Single by Epik High

from the album Swan Songs
- Released: October 4, 2005
- Genre: K-pop, Hip hop/rap
- Length: 3:22
- Label: Woollim; CJ Music;
- Composer: Tablo
- Lyricists: Tablo, Mithra Jin

= Fly (Epik High song) =

Fly is a song by South Korean hip hop group Epik High, released on October 4, 2005 as one of the promoted tracks from their third studio album Swan Songs. It features singer Amin J., one of the vocalists of the R&B indie group Soulciety.

==Composition==
The song incorporates elements of R&B and electronica and utilizes a vocalist to sing the refrain in between Tablo and Mithra Jin's raps. The introduction includes scratching by turntablist DJ Tukutz, who performed live with the other members during their music program promotions. The lyrics were a departure from Epik High's trademark social commentary and instead offers encouragement to "those who are having a hard time in life that even those without wings can fly".

The music video features all three members acting in a realistic parody of a police hostage situation and was filmed in Gwangju. However, it was subsequently banned from being broadcast on terrestrial television networks due to "scenes that encourage juvenile delinquency".

==Reception==
The album was released with the expectation that it would be Epik High's final album due to the lack of commercial success of their first two albums. "Fly" unexpectedly became a hit due to its departure from the R&B or bubblegum pop that was more prevalent in mainstream Korean music at that time. Its success in the charts led Epik High to reconsider disbandment and spawned a reissue album and a Japanese remake. While it garnered them broader public recognition, the song also drew some backlash from the underground hip hop community for incorporating elements of pop music and collaborating with a singer rather than another rapper. The Epik High members acknowledged the criticism but reiterated their position on not being defined by any specific genre.

===Accolades===
"Fly" is the first song by a hip hop artist to win first place on a music program, having won on the very first episode of MBC's revamped Show! Music Core and went on to win a "Triple Crown".

Music program awards
Song: Program; Date
"Fly": Show!
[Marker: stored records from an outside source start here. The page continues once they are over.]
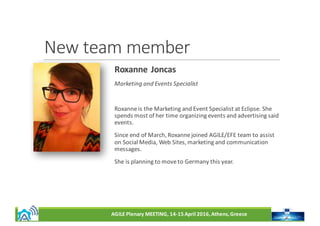AGILE	Plenary	MEETING,	14-15	April	2016,	Athens,	Greece
New	team	member
Roxanne	Joncas
Marketing	and	Events	Specialist
Roxanne	is	the	Marketing	and	Event	Specialist	at	Eclipse.	She	
spends	most	of	her	time	organizing	events	and	advertising	said	
events.	
Since	end	of	March,	Roxanne	joined	AGILE/EFE	team	to	assist	
on	Social	Media,	Web	Sites,	marketing	and	communication	
messages.
She	is	planning	to	move	to	Germany	this	year.
 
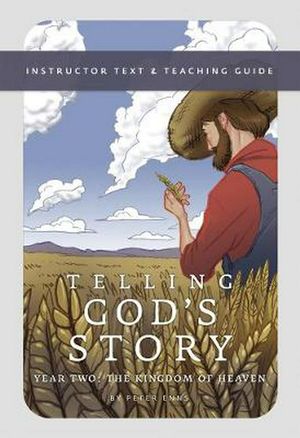 Cover Art for 9781933339504, Telling God's Story by Peter Enns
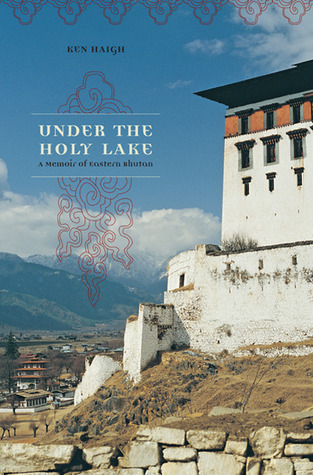 Under the Holy Lake: A Memoir of Eastern Bhutan (Paperback)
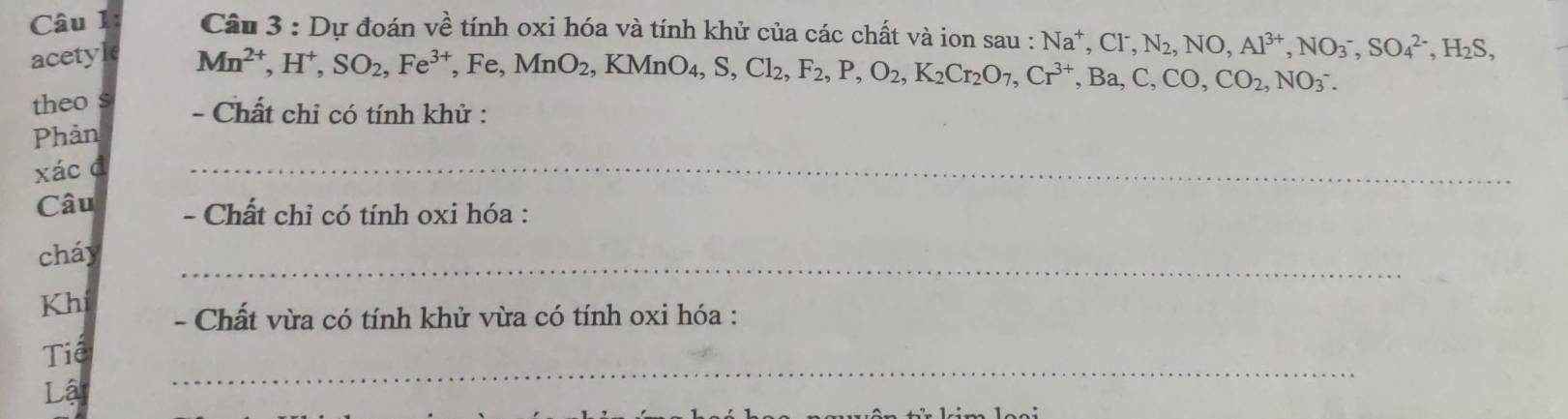 Cầu 3 : Dự đoán về tính oxi hóa và tính khử của các chất và ion sau : Na^+, Cl^-, N_2, NO, Al^(3+), NO_3^(-, SO_4^(2-), H_2)S, 
acetyle
Mn^(2+), H^+, SO_2, Fe^(3+) , Fe, MnO_2, KMnO_4, S, Cl_2, F_2, P, O_2, K_2Cr_2O_7, Cr^(3+), Ba, C, CO_2, NO_3^-. 
theo s - Chất chi có tính khử : 
Phản 
xác đ 
_ 
Câu - Chất chỉ có tính oxi hóa : 
cháy 
_ 
Kh - Chất vừa có tính khử vừa có tính oxi hóa : 
Tiể 
Lậ 
_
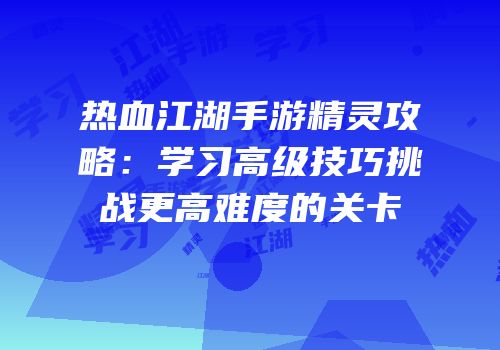 热血江湖手游精灵攻略：学习高级技巧挑战更高难度的关卡
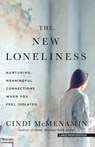 The New Loneliness: Nurturing Meaningful Connections When You Feel Isolated - Cindi McMenamin - 9781420524529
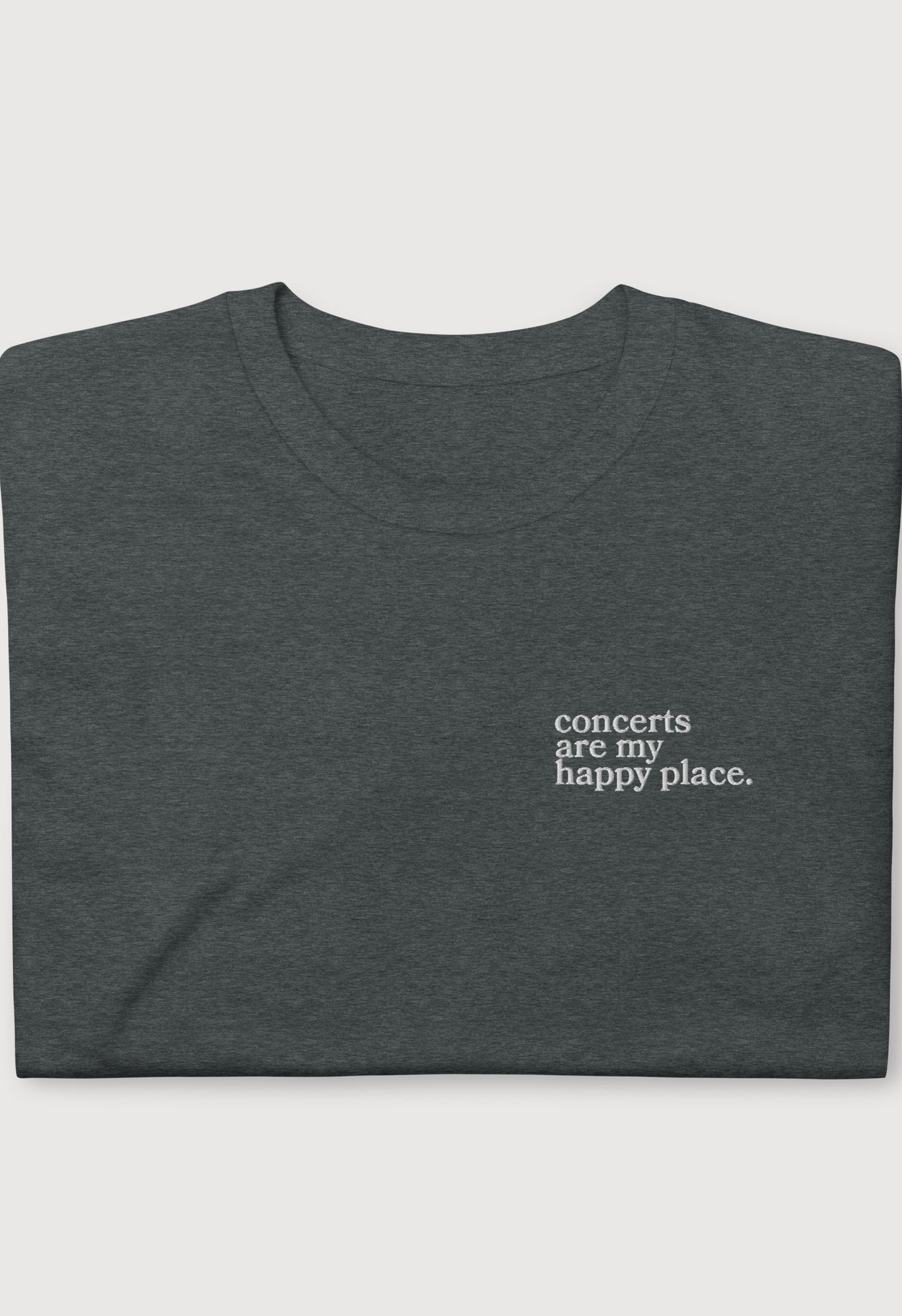 Concerts are my happy place - Shirt (embroidered)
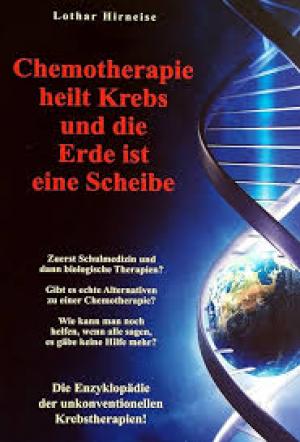 Chemotherapie heilt Krebs und die Erde ist eine Scheibe: Enzyklopädie der unkonventionellen Krebstherapien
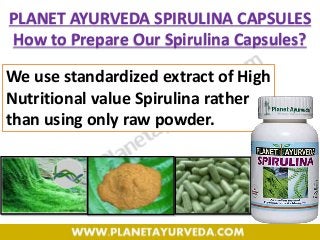 PLANET AYURVEDA SPIRULINA CAPSULES
How to Prepare Our Spirulina Capsules?
We use standardized extract of High
Nutritional value Spirulina rather
than using only raw powder.
 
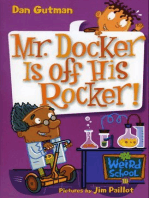 My Weird School #10: Mr. Docker Is off His Rocker!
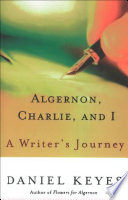 Algernon, Charlie, and I: A Writer's Journey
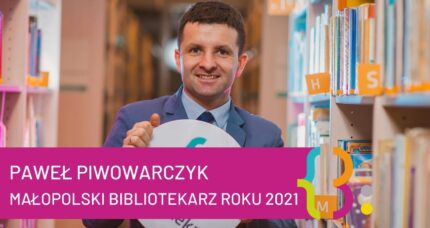 MAŁOPOLSKI BIBLIOTEKARZ ROKU 2021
Music Core; October 29, 2005
November 5, 2005
November 12, 2005
M Countdown: November 10, 2005
Inkigayo: November 27, 2005

Awards and nominations
Year: Organization; Category; Work; Result; Ref.
2005: Golden Disc Awards; Hip-Hop Award; "Fly"; Won
Melon Music Awards: Song of the Year; Won
Mnet KM Music Video Festival: Best Hip-Hop Performance; Won
2006: Korean Music Awards; Best Hip Hop Song; Nominated

==In popular culture==
The song was featured in the soundtrack of the video game FIFA 07 the following year.